Today, Harold Manning gets his name enshrined into the Kansas Sports Hall of Fame as the first to bring a national championship to what we know today as Wichita State University.
Manning, known as a “wiry” and “skinny kid” who barely tipped over the one hundred pound mark in high school, grew up in the small-town of Sedgwick, Kansas. Yet, despite his modest upbringing, that same skinny kid would bring home Wichita University’s first national championship in track and field and would go on to compete in the Olympics.
Growing up, Manning wasn’t the least bit concerned with the sport that would make him a legend. Actually, it was an entry into a track meet in Wichita, at the urging of a high school coach, just weeks before he graduated from high school in 1927 that launched Manning’s stellar career.
Manning finished first in the mile at the Wichita meet and went on to win the mile in the state high school meet the following week. Sedgwick businessmen raised funds to send him to the national high school meet in Chicago where he once again proved victorious.
Manning’s exploits weeks before graduation were good enough to earn him a scholarship to Wichita University where he set the standard for distance runners. Manning brought home the 1930 national championship in the two-mile with a record time of 9:18.1.
His victory made him not only the University’s first national champion, but also the University’s first All-American in track and field.
Upon his graduation from Wichita, Manning continued to run and train on his own, often carrying his own stop watch on his runs, for a chance at the Olympics. He narrowly missed participating in the 1932 Los Angeles games alongside fellow Kansas Sports Hall of Famer Jim Bausch, but continued to work hard and earned a spot on the team for the 1936 games.
That year, Manning made history in his attempt to make the U.S. Olympic team that included Jesse Owens and Kansas Sports Hall of Fame inductees Archie San Romani and Glenn Cunningham.
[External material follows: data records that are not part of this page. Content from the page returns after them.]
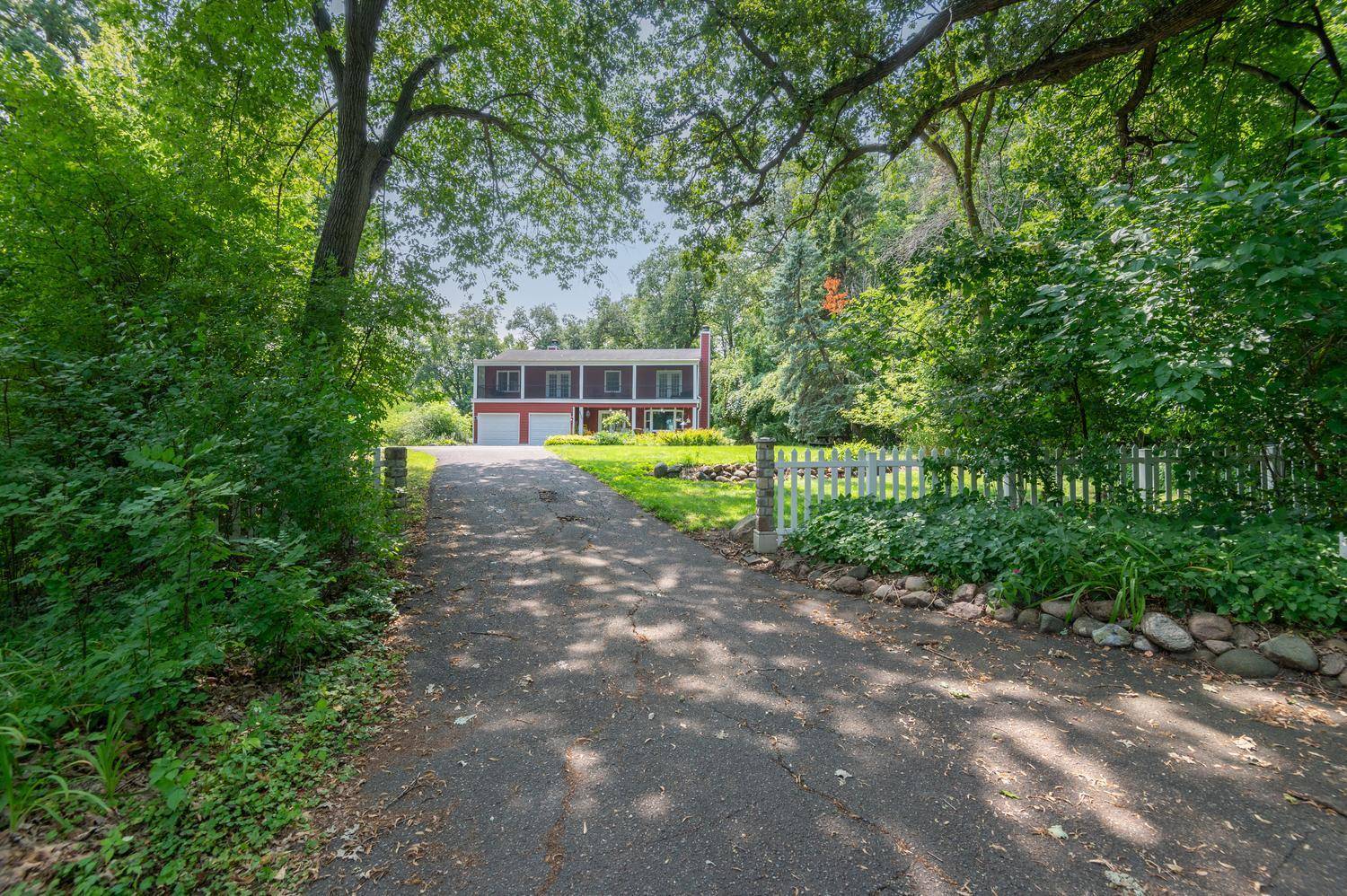 2530 Old Beach RD, Wayzata, MN 55391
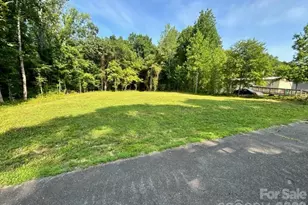 8001 Dow Rd, Charlotte, NC 28269 - Photo 1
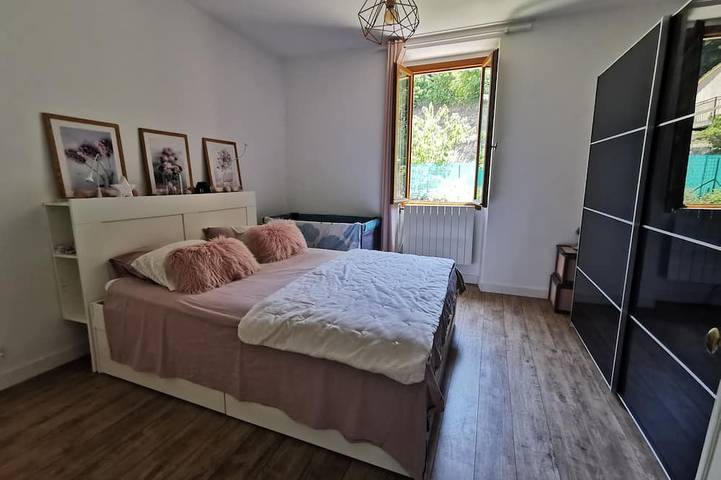 Location de vacances pour 15 personnes, avec terrasse et jardin, animaux acceptés à Drap - 2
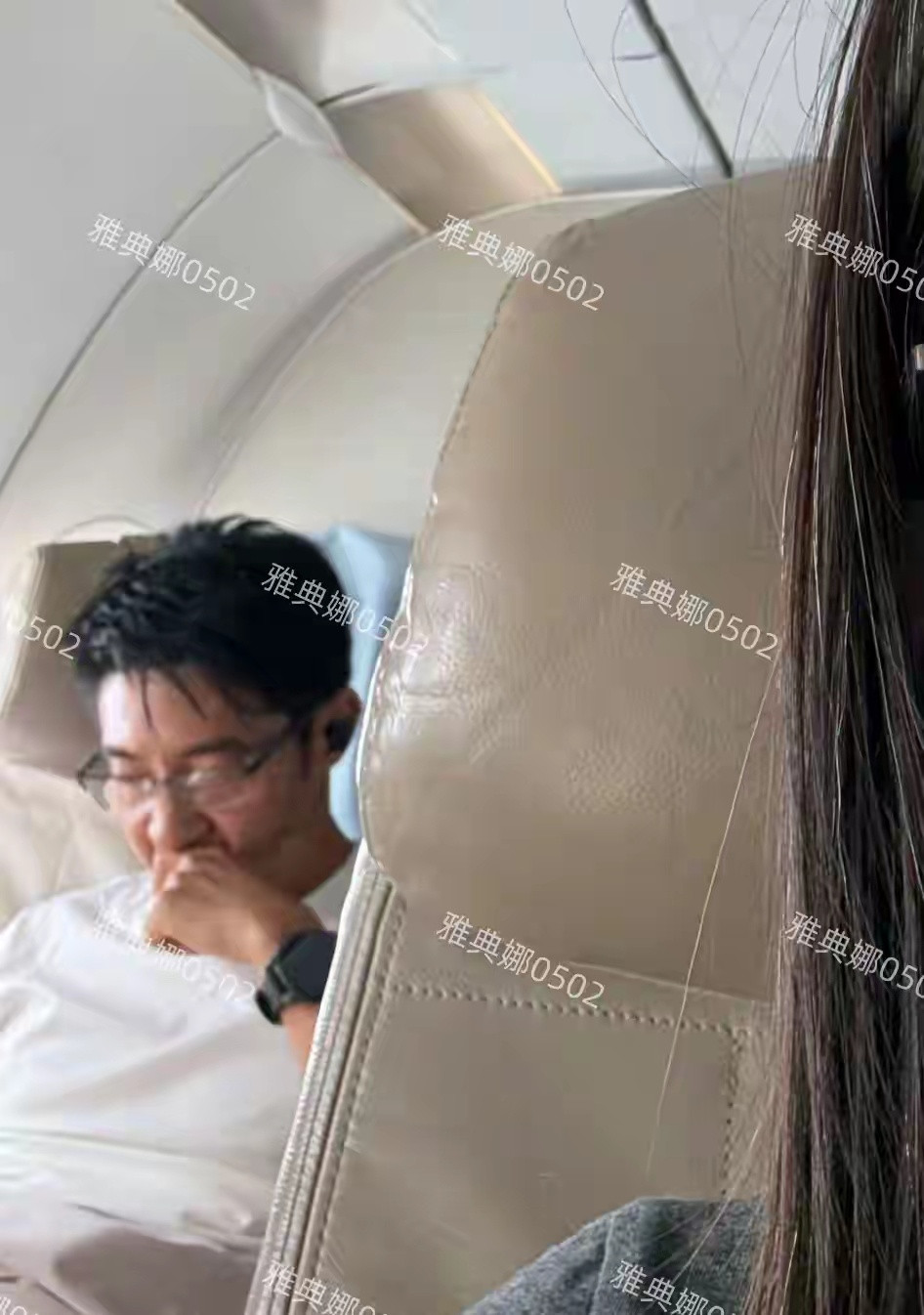 商务舱偶遇撒贝宁个矮瘦小的他背了个巨大的包，50岁了还活力满满​​​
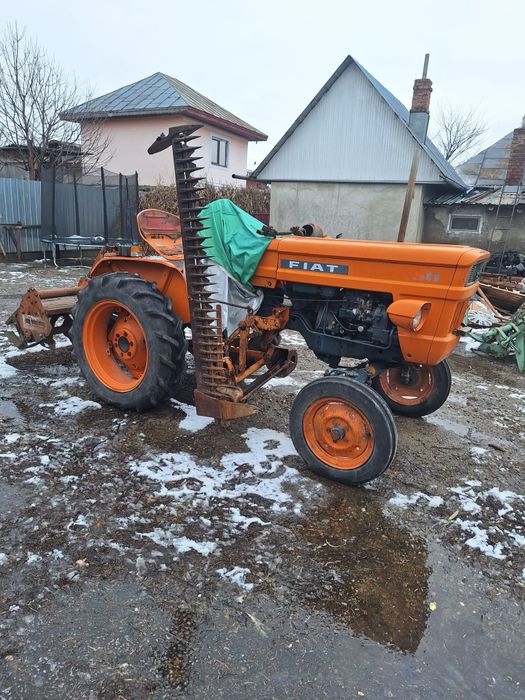 Tractor fiat 250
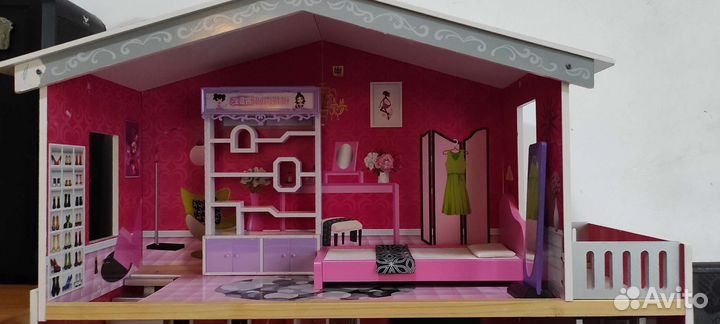 Кукольный домик с лифтом, мебелью и посудой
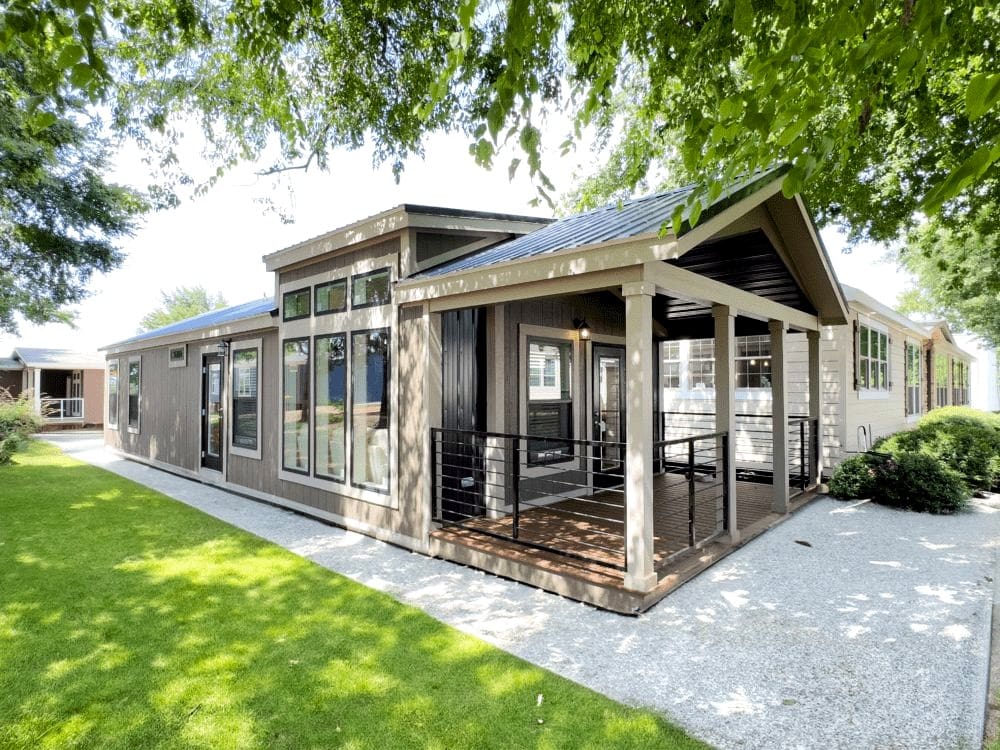 A Tour of the Waxahachie Cottage: 918 Sq Ft of Cozy Farmhouse Charm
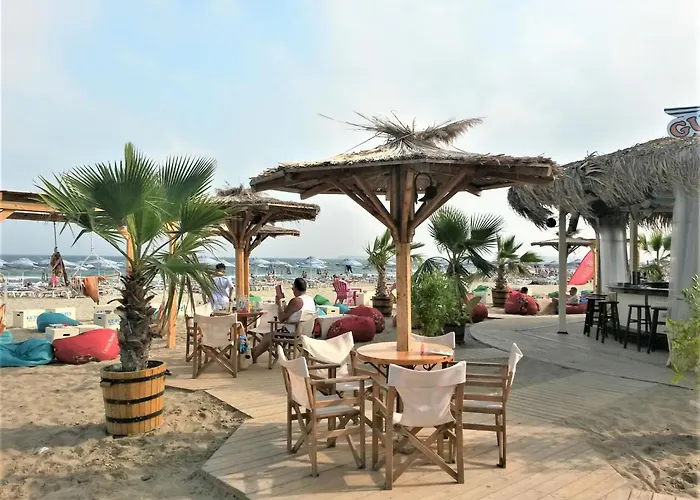 Seaside 1 Bedroom With Balcony, Max 4 Guests Apartament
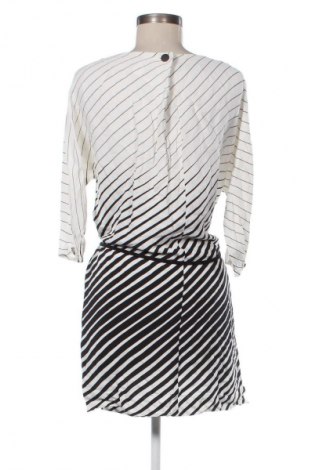 Рокля Mango, Размер XS, Цвят Многоцветен, Цена 20,96 €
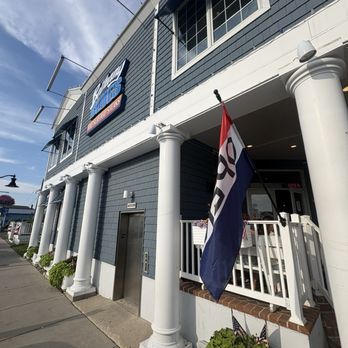 Bethany Blues BBQ Pit - Storefront - Barbeque Near Me - Bethany Beach, Delaware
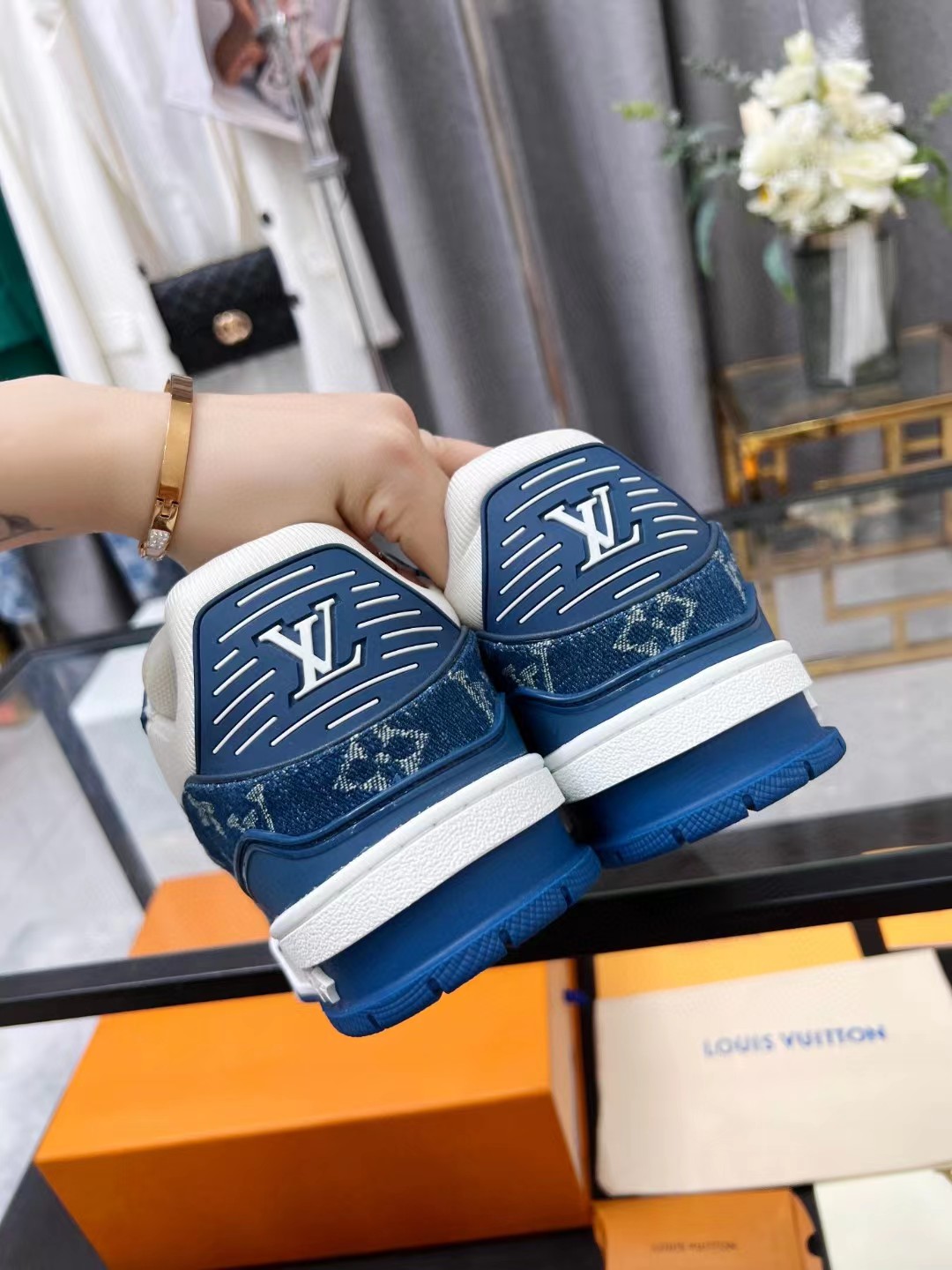 [TOP] Louis Vuitton LV L*V Sneakers - Blue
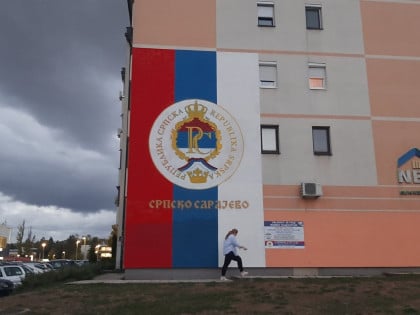 Mural sa zastavom Republike Srpske u Istočnom Sarajevu vraćen u prvobitno stanje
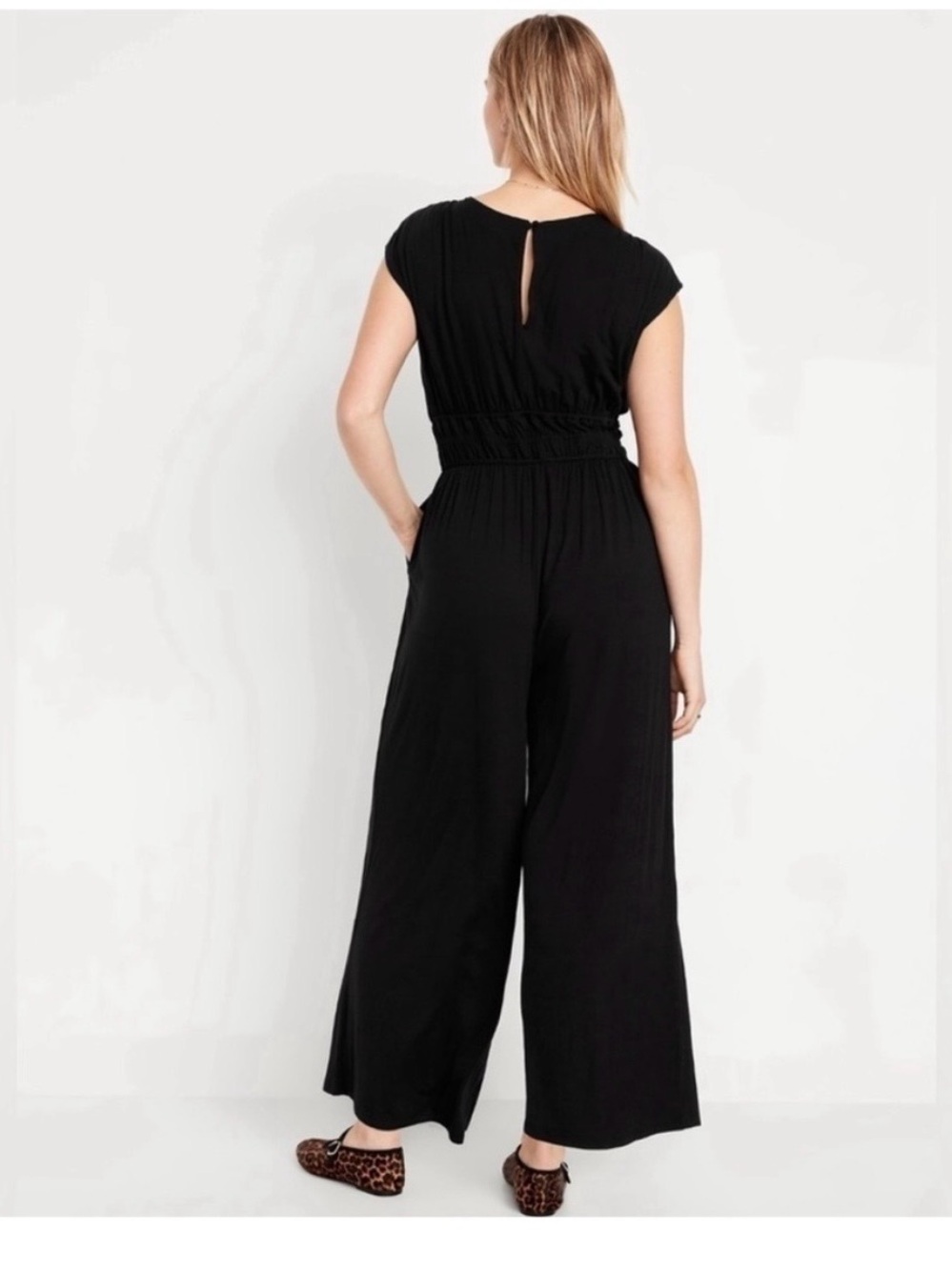 Old Navy Black V-Neck Smocked Waist Wide-Leg Jumpsuit - Picture 3 of 6
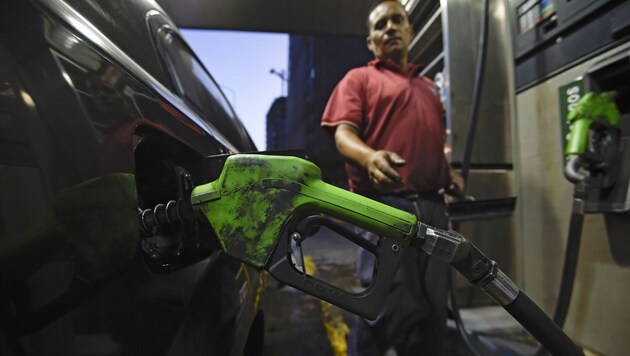 Tanken in Venezuela wird erstmals seit 20 Jahren teurer. (Bild: APA/AFP/JUAN BARRETO)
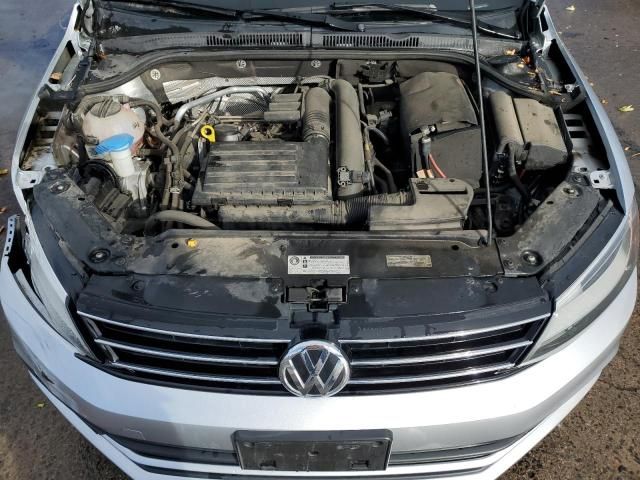 2016 Volkswagen Jetta SE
Participating in the relatively new event, the 3000 meter steeplechase, Manning set the world record at the U.S. Olympic trials with a time of 9:08.2 using his unique style of hurdling of the barrier and jumping right in the middle of the water pit.
Despite his fifth place finish at the 1936 Berlin Olympics, today Manning is remembered as one of the pioneers of the sport and a legend at Wichita State University for being the school’s first national champion.
Harold Manning passed away in January of 2003. He is inducted posthumously.